The Comprehensive R Archive Network which is the central repository of R packages.

* Maintained by the R Foundation and run by a team of volunteers, ~19k packages 

* Retains all current versions of released packages as well as archives of previous versions

* Similar in spirit to Perl's CPAN, TeX's CTAN, and Python's PyPI

* Some important features:
  
  * All submissions are reviewed by humans + automated checks
  
  * Strictly enforced submission policies and package requirements
  
  * All packages must be actively maintained and support upstream and downstream changes

::: {.aside}
See [Writing R Extensions](https://cran.r-project.org/doc/manuals/r-release/R-exts.html)
:::

## Structure of an R Package

<br/>
<br/>

![](imgs/r_pkg_struct.jpeg){fig-align="center" width="100%"}

::: {.aside}
From [A Quickstart Guide for Building Your First R Package](https://methodsblog.com/2015/11/30/building-your-first-r-package/)
:::

## Core components

* `DESCRIPTION` - file containing package metadata (e.g. package name, description, version, license, and author details). Also specifies package dependencies,

* `NAMESPACE` - details which functions and objects are exported by your package

* `R/` - folder containing R script files (`.R`)

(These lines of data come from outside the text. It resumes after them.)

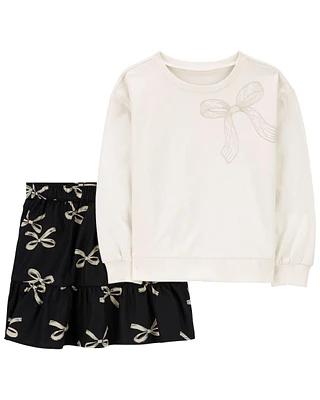 Kid 2-Piece Bow Print Sweatshirt & Skirt Set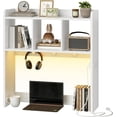 thumbnail image 1 of Desktop Bookshelf, Office Desktop Shelf, Desk Hutch with Outlets, Wooden Office Desktop Bookcase, Desktop Organizer Shelf with LED Light Strip and 3 Hooks, for Home, Study, 1 of 9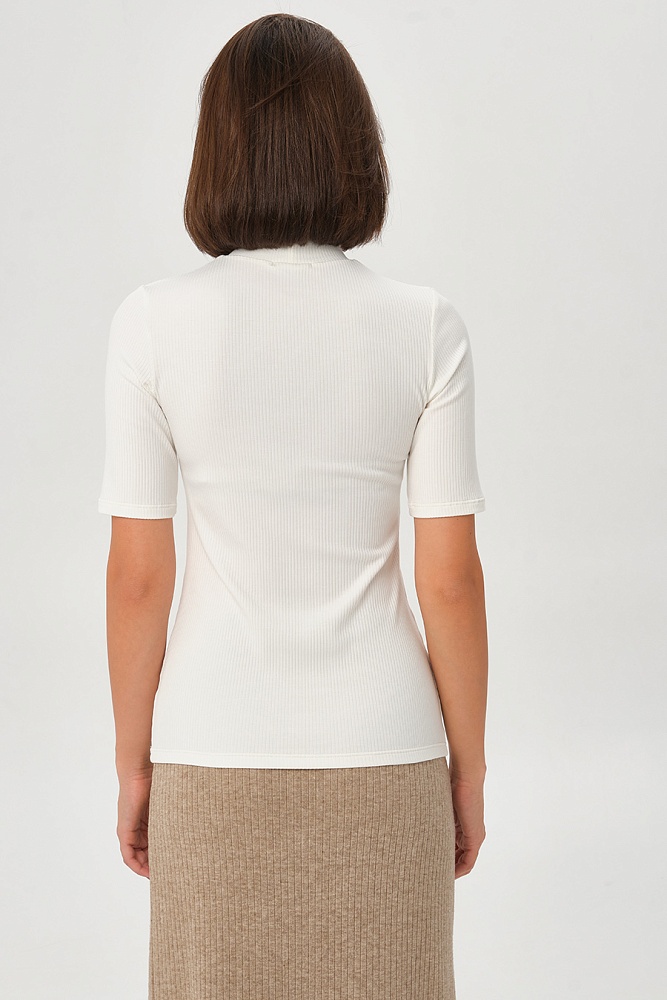 Футболка трикотажная в рубчик Flat Молочный_16896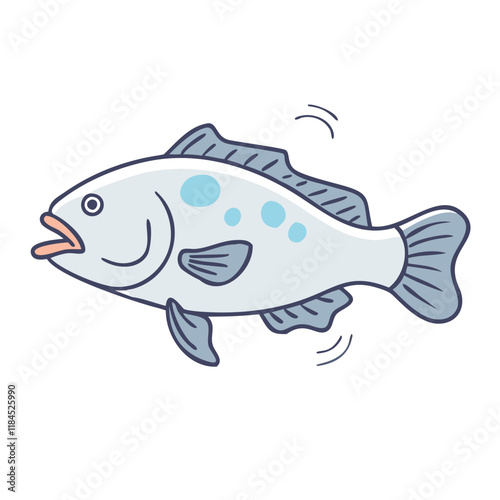 barramundi vector icon, fish vector illustration - simple illustration of barramundi perfect for logos, and fish - themed designs.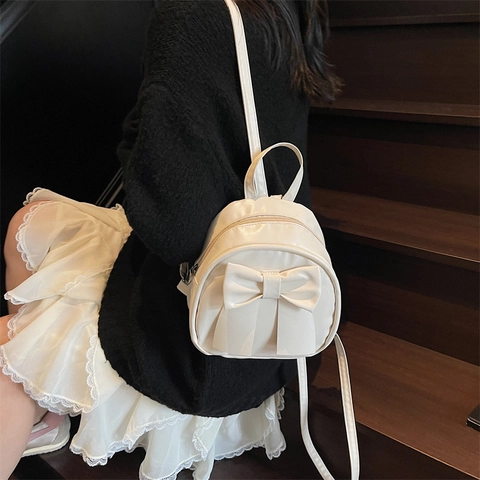 Mini Zaino Con Fiocco Elegante Pelle PU Multifunzionale Versatile Piccola Borsa A Tracolla Borsa A Mano Per Donna Crema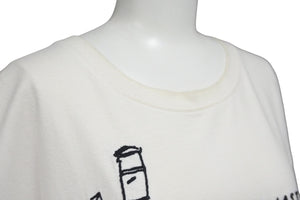 LOEWE ロエベ 21年 レター エンブロイダリー 半袖Ｔシャツ トップス H526Y22J24 ホワイト サイズL 良品 中古 55619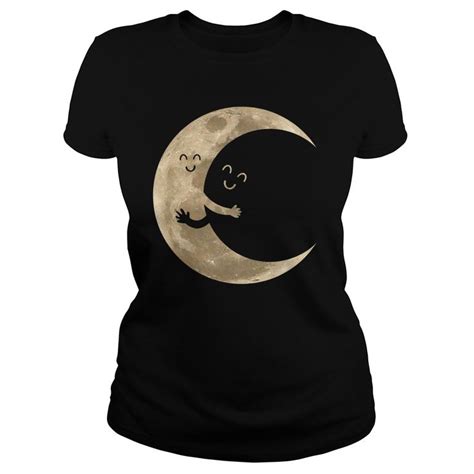 Moon T Shirt Black And White Love Moon Premium Ladies Fitted Tee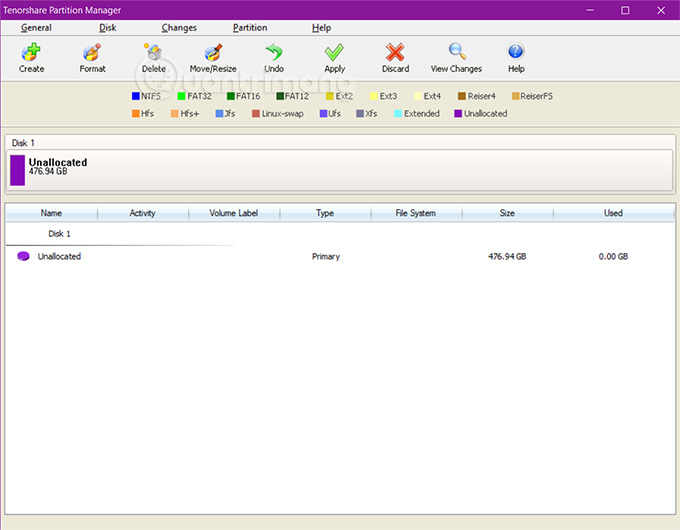 Công cụ Tenorshare Partition Manager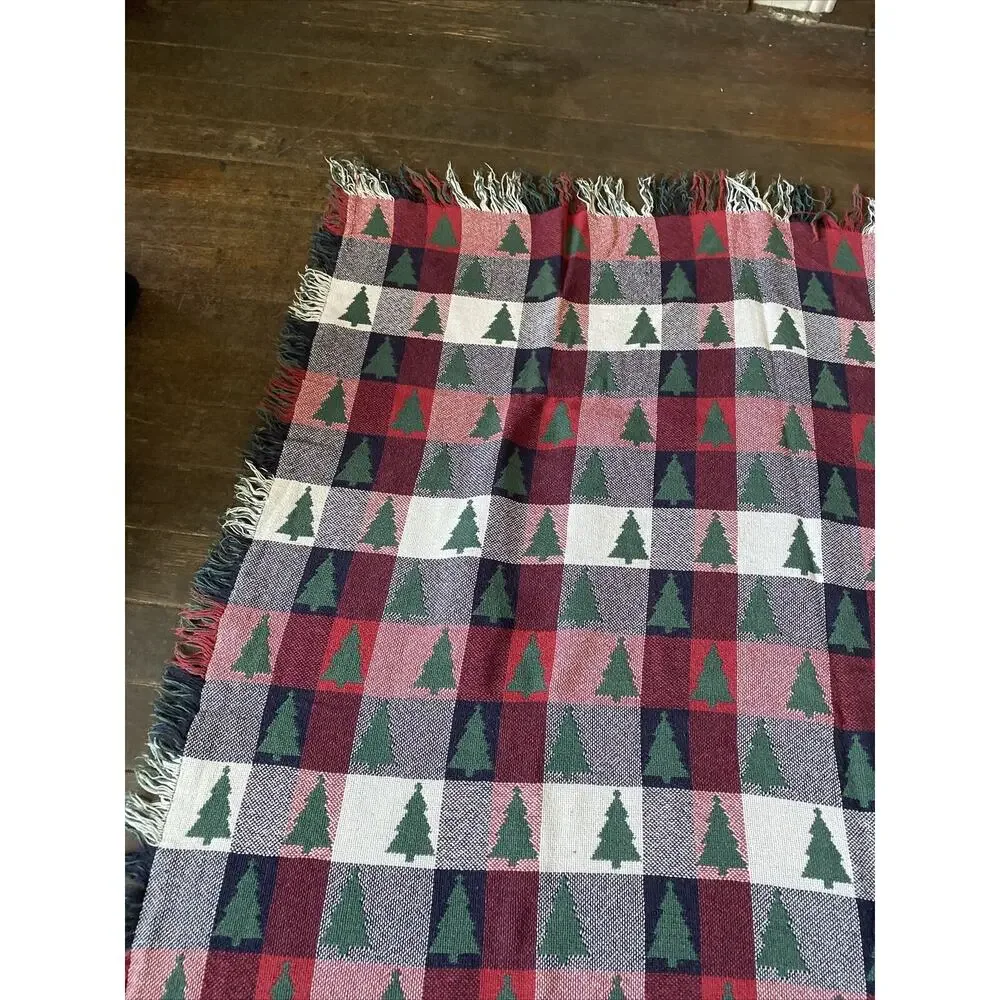 Afghan Knitted Throw Blanket 50X60 Trees Holiday Xmas Christmas Reversible Read!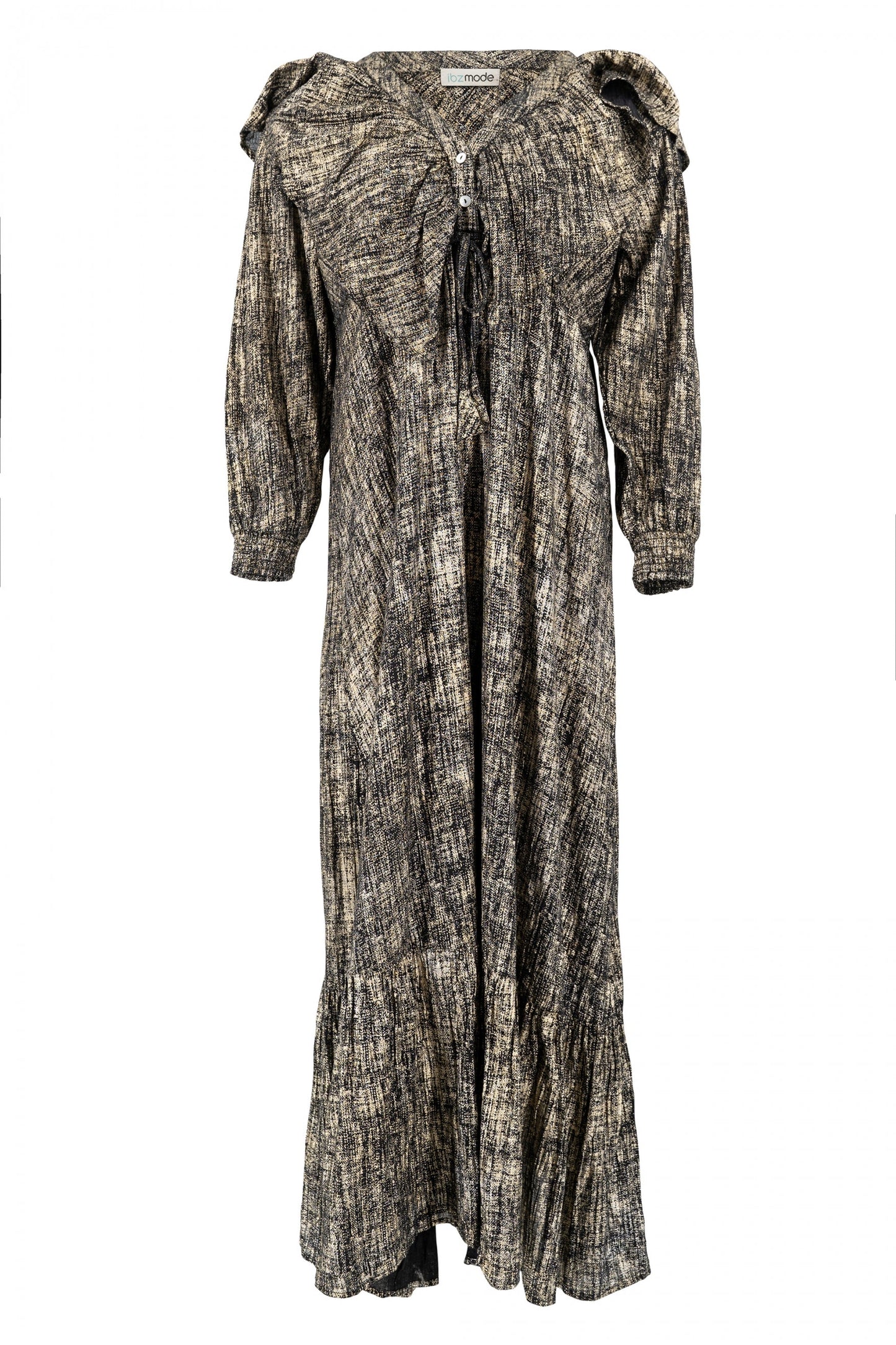 Long Dress Ruffle Sparkle Black Gold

* `man/` - folder containing R documentation files (`.Rd`)


## Optional components

The following components are optional, but quite common:

* `tests/` - folder contain unit tests

* `src/` - folder containing code to be compiled (usually C / C++)

* `data/` - folder containing example data sets (exported as `.Rdata` via `save()`)

* `inst/` - files that will be copied to the package's top-level directory when it is installed (e.g. headers, examples or data files that don't belong in `data/`)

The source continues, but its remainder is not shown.